• AIM OF THE TASK: Pictures do not belong in the copy; print every entry exactly as it stands.

• EXCERPTED DATA:
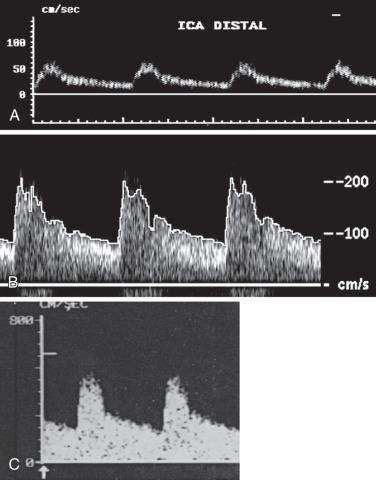 FIG 14.3, Doppler Sonograms From Carotid Duplex Scans.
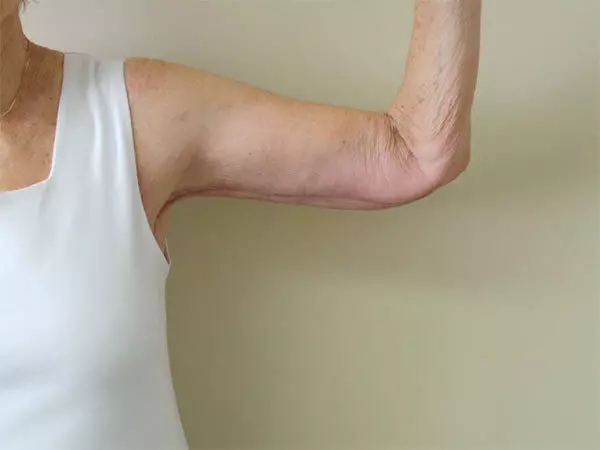 Arm Lift Patient 02 After 1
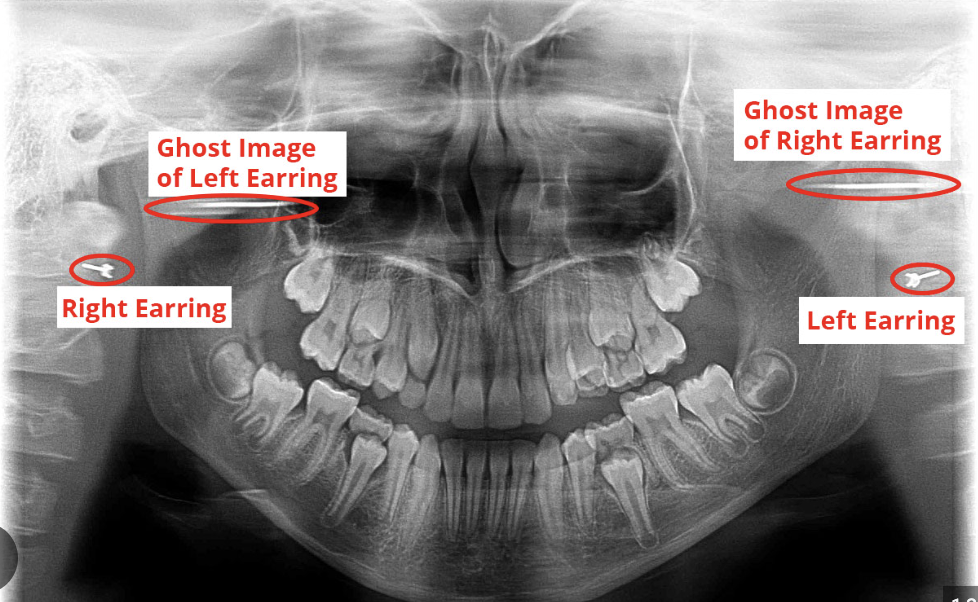 <p>This is when a real object on one side of the body is projected on the opposite side as more magnified, blurry, and higher up. It will have the same general shape as the object and will not be a mirror image.</p>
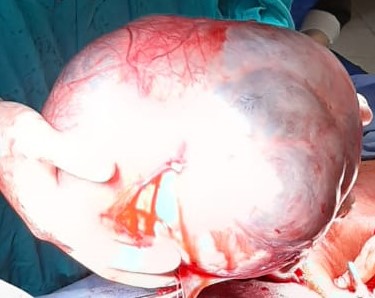 File:Benign seromucinous cystadenoma of the ovary (Radiopaedia 71065-81340 B 1).jpg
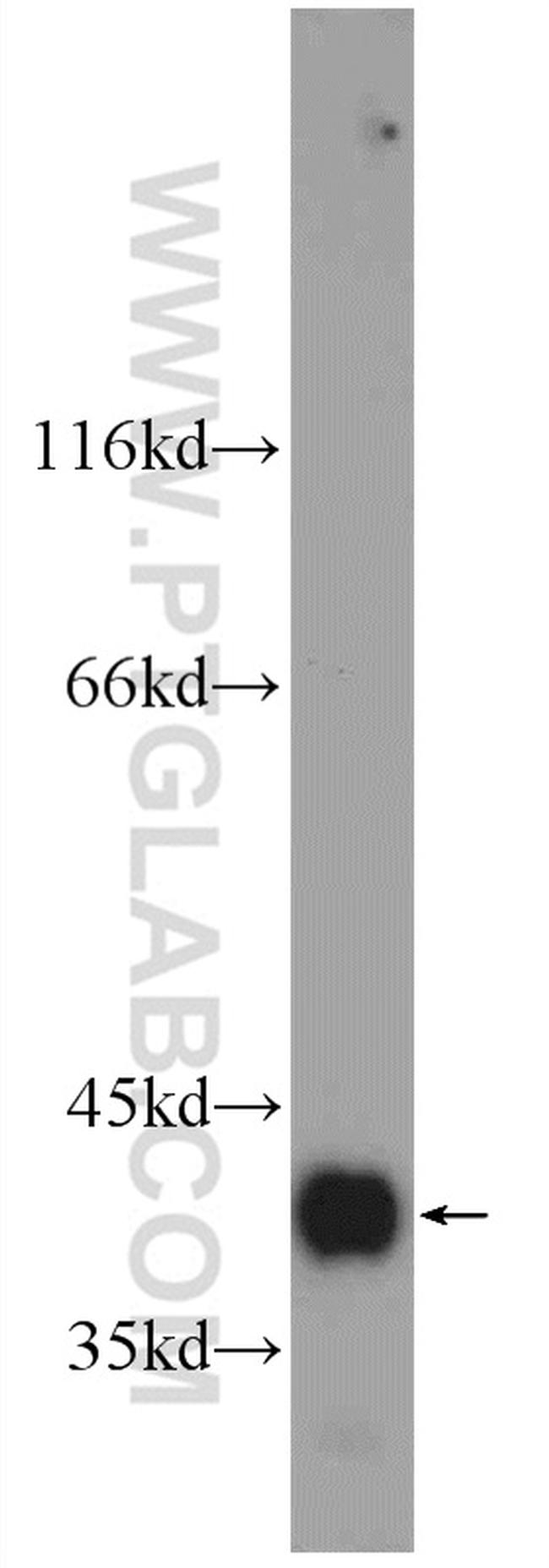 SMN Antibody in Western Blot (WB)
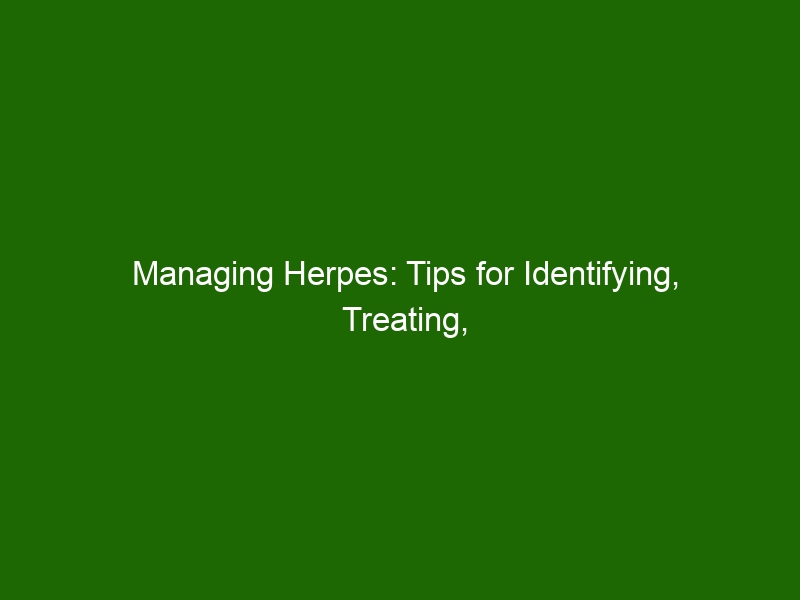 Managing Herpes Tips For Identifying Treating And Living With The Condition Health And Beauty 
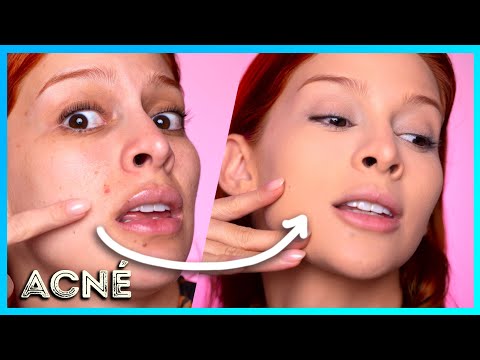 Como Ocultar ACNÉ CON MAQUILLAJE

• OUTPUT FOR THIS EXERCISE:
 FIG 14.3, Doppler Sonograms From Carotid Duplex Scans.
 Arm Lift Patient 02 After 1
 <p>This is when a real object on one side of the body is projected on the opposite side as more magnified, blurry, and higher up. It will have the same general shape as the object and will not be a mirror image.</p>
 File:Benign seromucinous cystadenoma of the ovary (Radiopaedia 71065-81340 B 1).jpg
 SMN Antibody in Western Blot (WB)
 Managing Herpes Tips For Identifying Treating And Living With The Condition Health And Beauty 
 Como Ocultar ACNÉ CON MAQUILLAJE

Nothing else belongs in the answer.